I related this panic and rush because it illustrates the pattern of trying to get something done in Delhi. You arrive where you think you’re supposed to be, thinking you’re prepared, but are invariably missing something vital or carrying something heavy and useless (why did I bring hair straighteners?) you will invariably get it wrong first time – (Oh, I’ve only bought 5 passport photos and you want 6? For a sim card?), and when you reach the end goal, jubilant and puzzled as to how you managed it, you realise a major flaw (My phone is still in Hindi because I don’t want to go back to the sim card place again.)
Delhi scares me – there’s no point denying it. Crossing the road is an adventure – the kind you don’t want to tell your Grandparents about in case they have a heart attack. Getting home at night (I have been scrupulously and annoyingly careful about this one so far) has to be thought through, and done in a group. Dogs are everywhere. Women ask you for milk for their children, and after you’ve bought it for them, you see them selling it on. People ask where you’re from, who your parents are, and how long you’re in Delhi for. People want photographs with you, and they stare wherever you go. (I do understand this, because the other exchange students and I just look so much like tourists – hot, sticky, carrying cameras and maps, and wearing an odd assortment of tourist fodder and western clothing.)

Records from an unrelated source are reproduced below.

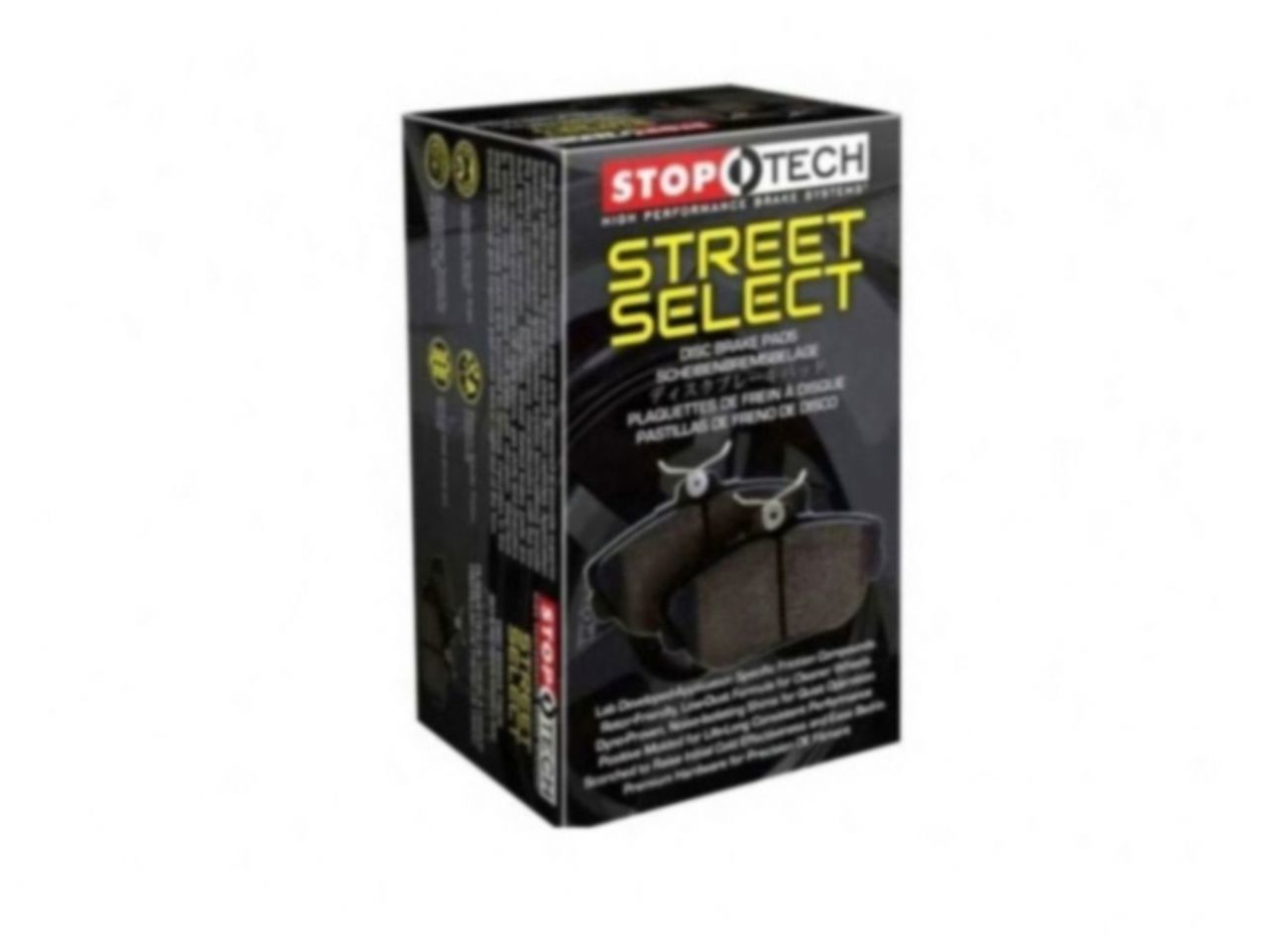 StopTech Brake Pads 305.14560 Item Image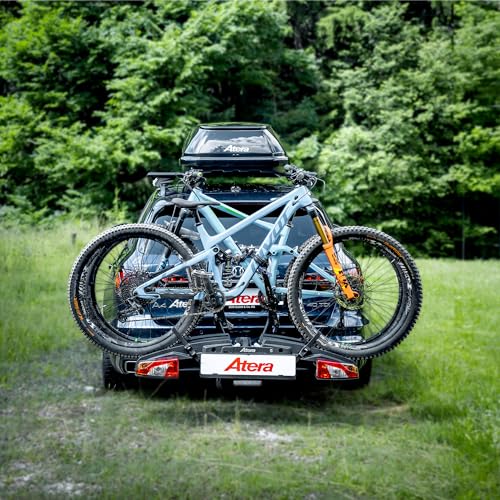 Atera 022630 Ersatzteil Abstandshalter für Atera Heck-Träger - Aluminium, Haltearm für 1. Fahrrad, Rahmenhalter, Länge 13,2 cm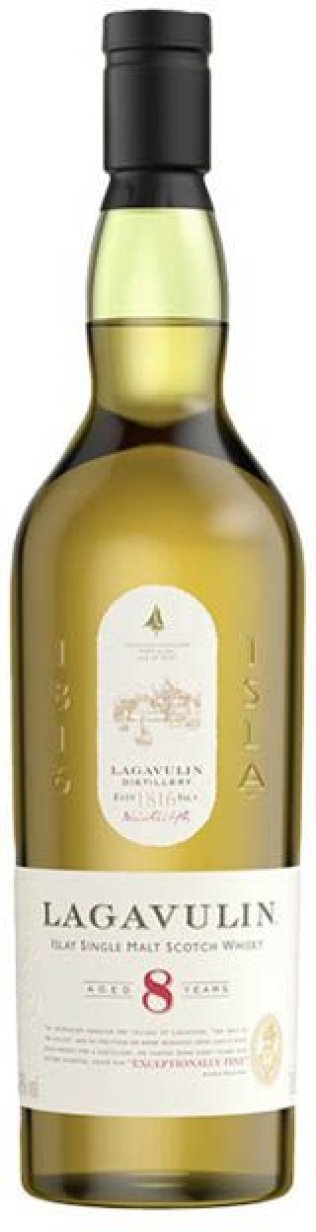 Lagavulin 8 years 70 cl CARx6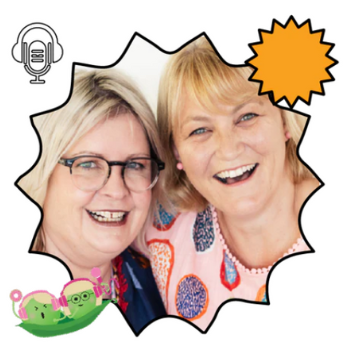 Kai & Jo talk to Mandy & Kate from Too Peas Podcast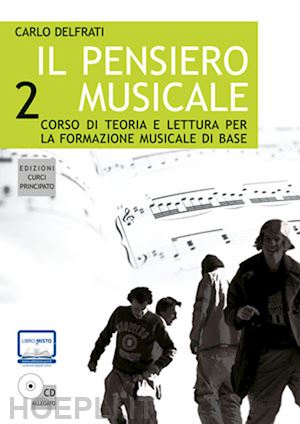 delfrati carlo - il pensiero musicale vol.2 con cd-rom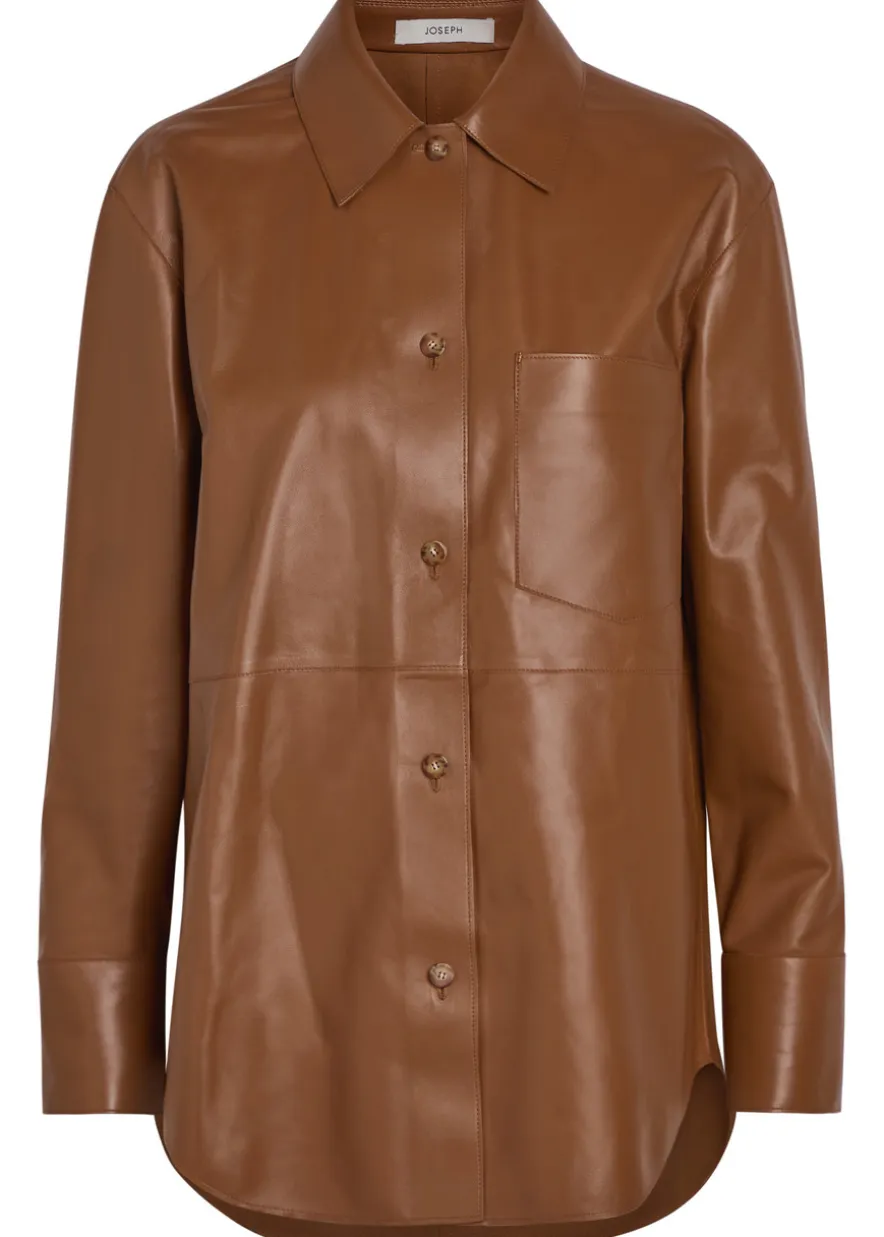 Penna leather jacket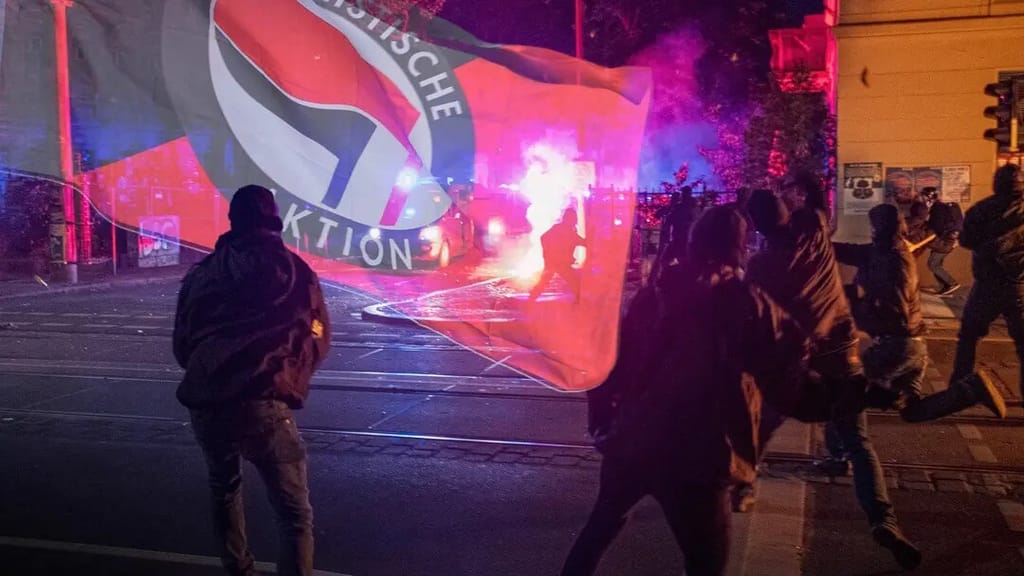 Der große Antifa-Report: So tickt die linksextreme Szene - politik - exxpress Nachrichten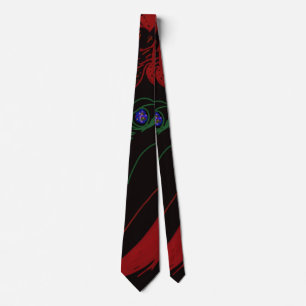 Corbata de la Reina Bestia Maestra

I’m fluctuating between loving and hating India, and the moment I think I’m getting used to it – I realise I most certainly am not. Yesterday for instance, in the few minutes which followed my happy and oh-so-naive statement – “I think I’m getting good at Delhi” – I was almost run over by a motorbike, paid a vastly inflated sum for a couple of mangoes, and a stampede of small children caused me to drop my bag in the mud. Here though, everything is an achievement worthy of celebration – the man in the chai shop we frequent waving as I approach, haggling a rickshaw driver down (in Hindi!) to something near the going rate, successfully navigating a series of forms and officials in order to obtain my academic timetable, and stumbling upon the tastiest food I’ve ever come across in a little restaurant near the university – where £2 will buy you a feast.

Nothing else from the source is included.